The short answer is yes, you can, the long answer is possibly you better not do that: if your code needs to be refactored and turned into a library, you are delivering a considerable amount of technical debt to the person who is going to do that job, which could be you.

Furthermore, if you have a real, hard-to-find memory leak (not a memory leak caused by you intentionally not freeing long-living objects) it's going to be quite time consuming to debug it with valgrind due to a considerable amount of noise and false positives.

Have a look at std::shared_ptr and std::unique_ptr. The latter has no overhead.

Most sane OS release all memory and local resources own by the process upon termination (the OS may do it in lazy manner, or reduce their share counter, but it does not matter much on the question). So, it is safe to skip releasing those resources.

However, it is very bad habit, and you gain almost nothing. If you found releasing object takes long time (like walking in a very long list of objects), you should refine your code and choose a better algorithm.

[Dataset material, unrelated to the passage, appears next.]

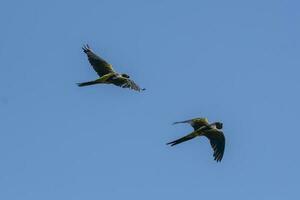 Burrowing Parrot in flight, La Pampa Province, Patagonia, Argentina photo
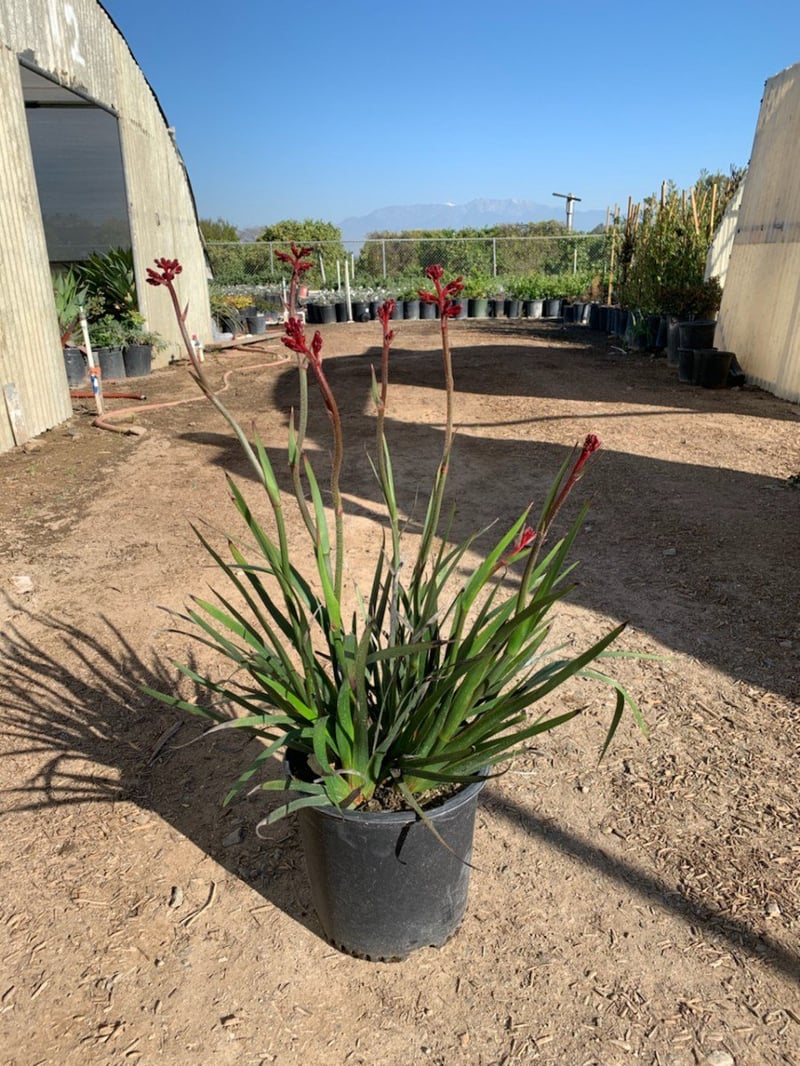 Photo for Anigozanthos 'Bush Sunset' (Bush Sunset Kangaroo Paw)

Also, although the OS will release all local resources, there are exceptions like shared memory and global space semaphore, which you are required to release them explicitly.

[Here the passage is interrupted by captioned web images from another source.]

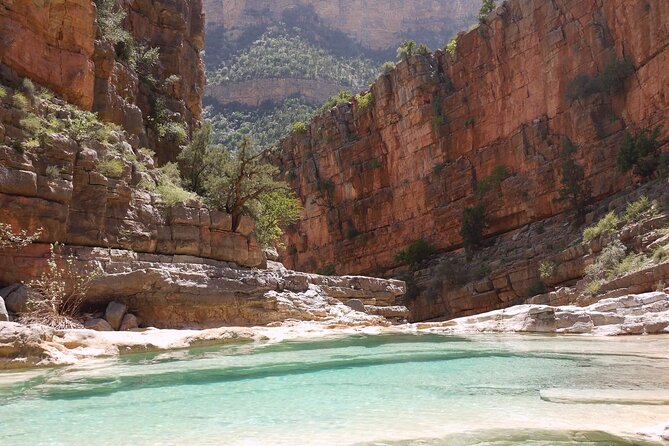 Explore Paradise Valley and Atlas Mountains in Agadir - Hotel pickup keeps the morning straightforward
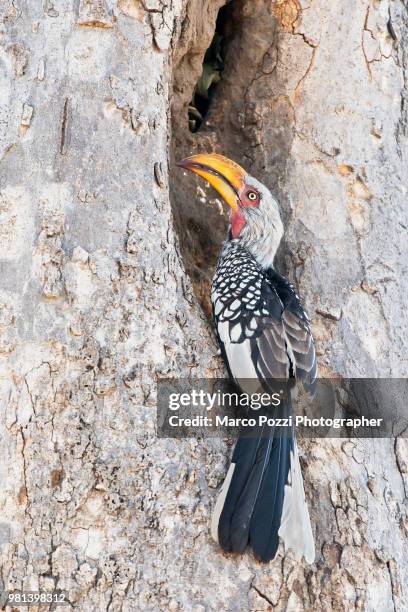 the bird and the tree - savuti reserve stock pictures, royalty-free photos & images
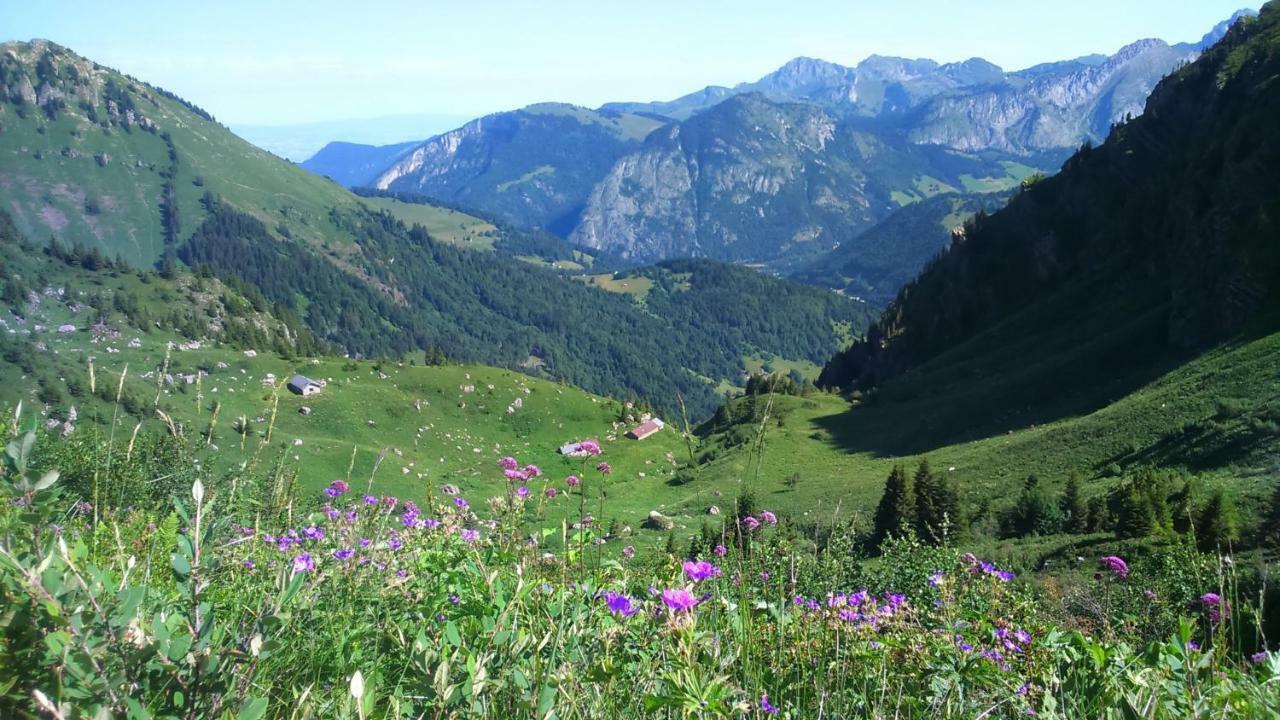 Vacheresse Les Sapins Blancs 아파트 외부 사진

First of all, the number one rule in C++ is:

Avoid dynamic allocation unless you really need it!

Don't use new lightly; not even if it's safely wrapped in std::make_unique or std::make_shared. The standard way to create an instance of a type in C++ is:

T t;

In C++, you need dynamic allocation only if an object should outlive the scope in which it was originally created.

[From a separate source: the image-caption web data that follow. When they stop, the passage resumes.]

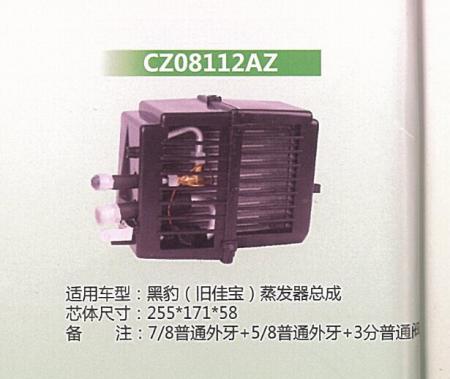  黑白（旧佳宝蒸发器总成）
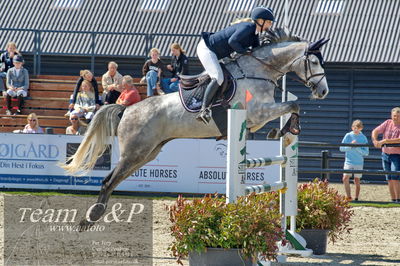 Absolut horses
youngster finale
Nøgleord: anni pape;cordino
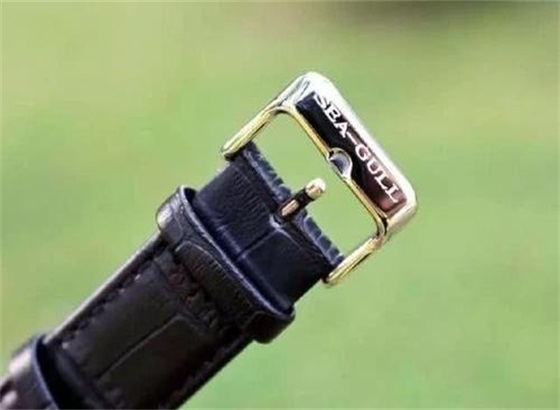 海鸥维修|（海鸥维修）海鸥手表的表带扣怎样更换？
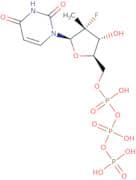 2'-Deoxy-2'-fluoro-2'-C-methyluridine 5'-triphosphate sodium salt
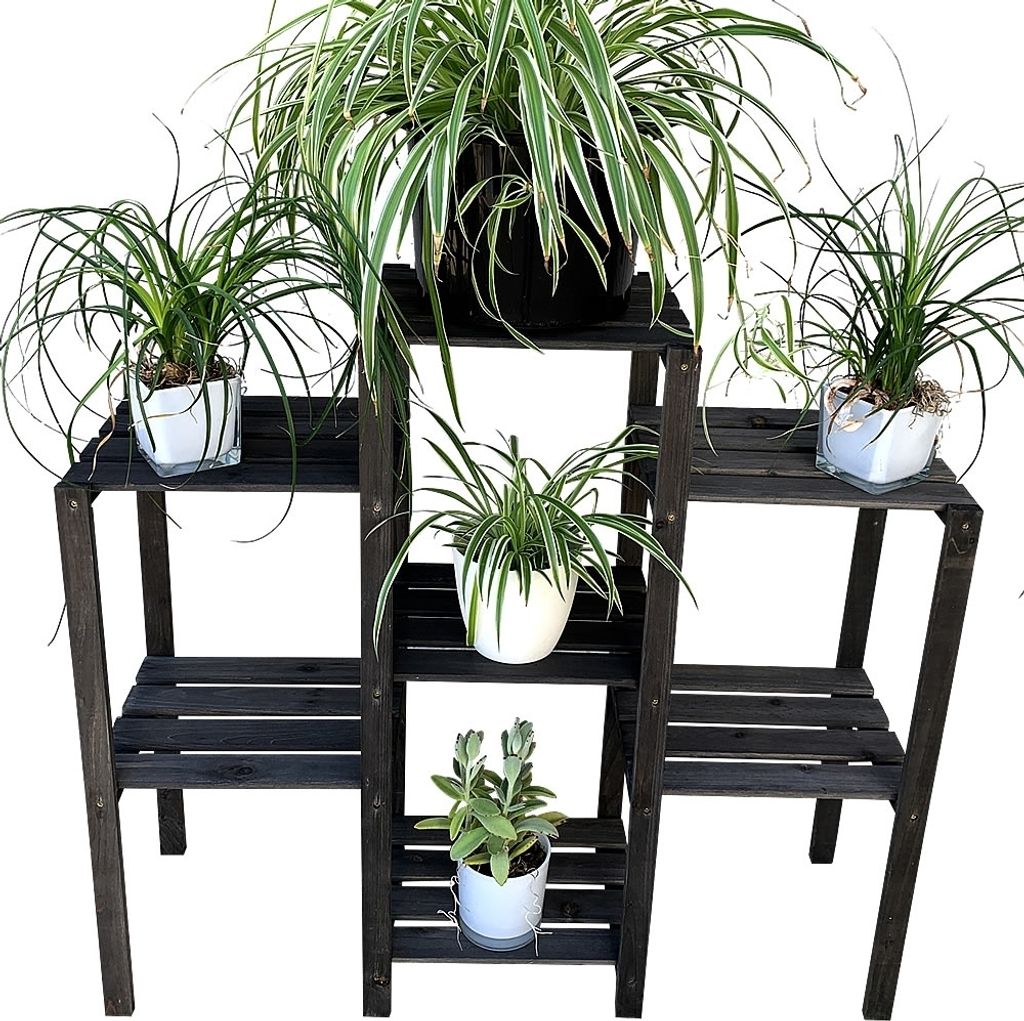 A dark wooden plant stand with several potted plants on it, set against a white background.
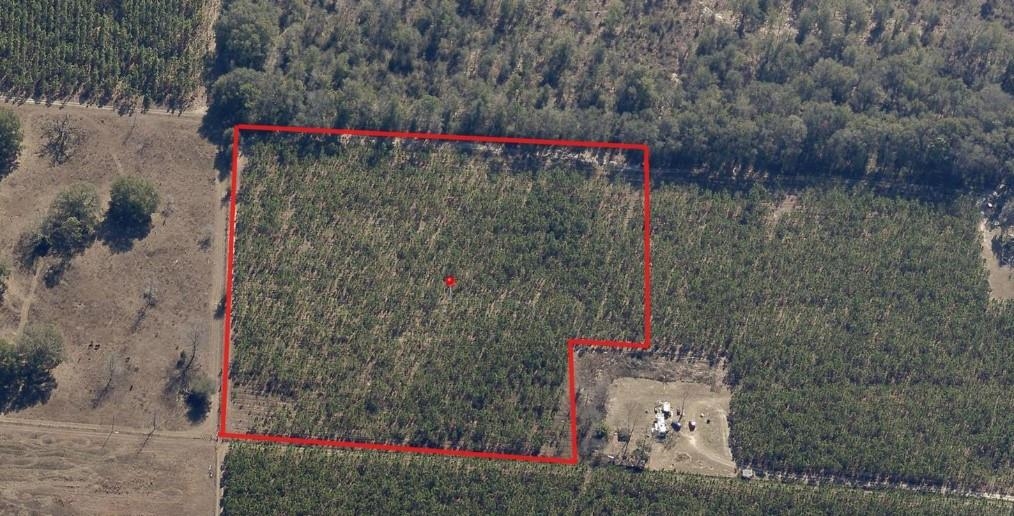 0 225th Road Live Oak, FL 32060 - Photo 10 of 11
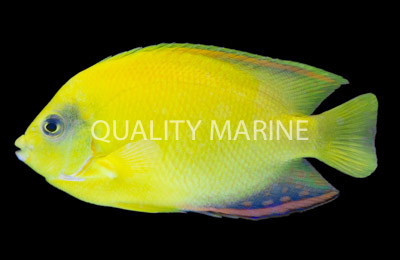 Ultra Angelfish :: 10178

If and only if you need to dynamically allocate an object, consider using std::shared_ptr or std::unique_ptr. Those will deallocate automatically when the object is no longer needed.

Second,

is it ok to skip deleting them at the end of the programme, in order to make the code run faster?

Absolutely not, because of the "in order to make the code run faster" part. This would be premature optimisation.

Those are the basic points.

However, you still have to consider what constitutes a "real", or bad memory leak.

Here is a bad memory leak:

#include <iostream> int main() { int count; std::cin >> count; for (int i = 0; i < count; ++i) { int* memory = new int[100]; } } 

This is not bad because the memory is "lost forever"; any remotely modern operating system will clean everything up for you once the process has gone (see Kerrek SB's answer in your linked question).

It is bad because memory consumption is not constant when it could be; it will unnecessarily grow with user input.

Here is another bad memory leak:

void OnButtonClicked() { std::string* s = new std::string("my"); // evil! label->SetText(*s + " label"); } 

This piece of (imaginary and slightly contrived) code will make memory consumption grow with every button click. The longer the program runs, the more memory it will take.

Now compare this with:

int main() { int* memory = new memory[100]; } 

In this case, memory consumption is constant; it does not depend on user input and will not become bigger the longer the program runs. While stupid for such a tiny test program, there are situations in C++ where deliberately not deallocating makes sense.

Singleton comes to mind. A very good way to implement Singleton in C++ is to create the instance dynamically and never delete it; this avoids all order-of-destruction issues (e.g. SettingsManager writing to Log in its destructor when Log was already destroyed). When the operating system clears the memory, no more code is executed and you are safe.

Chances are that you will never run into a situation where it's a good idea to avoid deallocation. But be wary of "always" and "never" rules in software engineering, especially in C++. Good memory management is much harder than matching every new with a delete.